Mourão 'bombeiro' ganha espaço na ala militar durante crise

Com aval de integrantes das Forças Armadas, vice se dissocia, em público, do discurso de Bolsonaro pelo fim da quarentena

30 mar 2020 - 05h11
(atualizado às 07h19)

BRASÍLIA — A pandemia do coronavírus levou o vice-presidente Hamilton Mourão de volta ao posto de "bombeiro" de crises do Planalto. Mourão foi o único dos generais quatro estrelas que despacham no Palácio a se dissociar, em público, do discurso do presidente Jair Bolsonaro pelo fim da quarentena. Desta vez, porém, a saída do vice do banco de reserva teve o aval dos representantes mais influentes das Forças Armadas, que condenaram o ataque a governadores e demonstraram preocupação com os panelaços e com o impacto da ofensiva de romper com a estratégia mundial de combate à doença.
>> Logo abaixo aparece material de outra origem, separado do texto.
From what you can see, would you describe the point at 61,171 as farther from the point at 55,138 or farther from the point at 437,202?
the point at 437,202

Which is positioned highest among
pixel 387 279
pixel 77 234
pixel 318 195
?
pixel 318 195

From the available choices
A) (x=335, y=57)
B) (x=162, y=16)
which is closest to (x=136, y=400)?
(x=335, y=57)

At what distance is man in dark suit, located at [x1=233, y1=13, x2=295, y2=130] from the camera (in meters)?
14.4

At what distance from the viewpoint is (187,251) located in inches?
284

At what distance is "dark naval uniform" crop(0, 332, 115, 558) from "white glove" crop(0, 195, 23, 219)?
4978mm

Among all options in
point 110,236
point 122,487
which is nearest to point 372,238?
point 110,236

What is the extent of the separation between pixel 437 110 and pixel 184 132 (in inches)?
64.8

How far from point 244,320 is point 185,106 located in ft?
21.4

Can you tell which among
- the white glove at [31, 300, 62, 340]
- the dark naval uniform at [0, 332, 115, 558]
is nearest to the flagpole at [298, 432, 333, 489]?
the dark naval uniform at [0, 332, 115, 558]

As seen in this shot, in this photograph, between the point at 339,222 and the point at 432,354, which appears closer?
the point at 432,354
Presidente Jair Bolsonaro e vice-presidente Hamilton Mourão participam de cerimônia em Brasília
28/03/2019
REUTERS/Ueslei Marcelino
Presidente Jair Bolsonaro e vice-presidente Hamilton Mourão participam de cerimônia em Brasília 28/03/2019 REUTERS/Ueslei Marcelino
Foto: Reuters

Mourão se apresentou como bombeiro, em contraposição a um Bolsonaro incendiário, após repercussões negativas ao pronunciamento do presidente, na terça-feira, 24, contra o isolamento da população. Ao chamar o novo coronavírus de "gripezinha" e "resfriadinho", em cadeia de rádio e TV, Bolsonaro provocou críticas de todos os lados, foi bombardeado nas redes sociais e levou até aliados de primeira hora, como o governador de Goiás, Ronaldo Caiado (DEM), a romper com ele. Até ali, 46 brasileiros haviam morrido com coronavírus.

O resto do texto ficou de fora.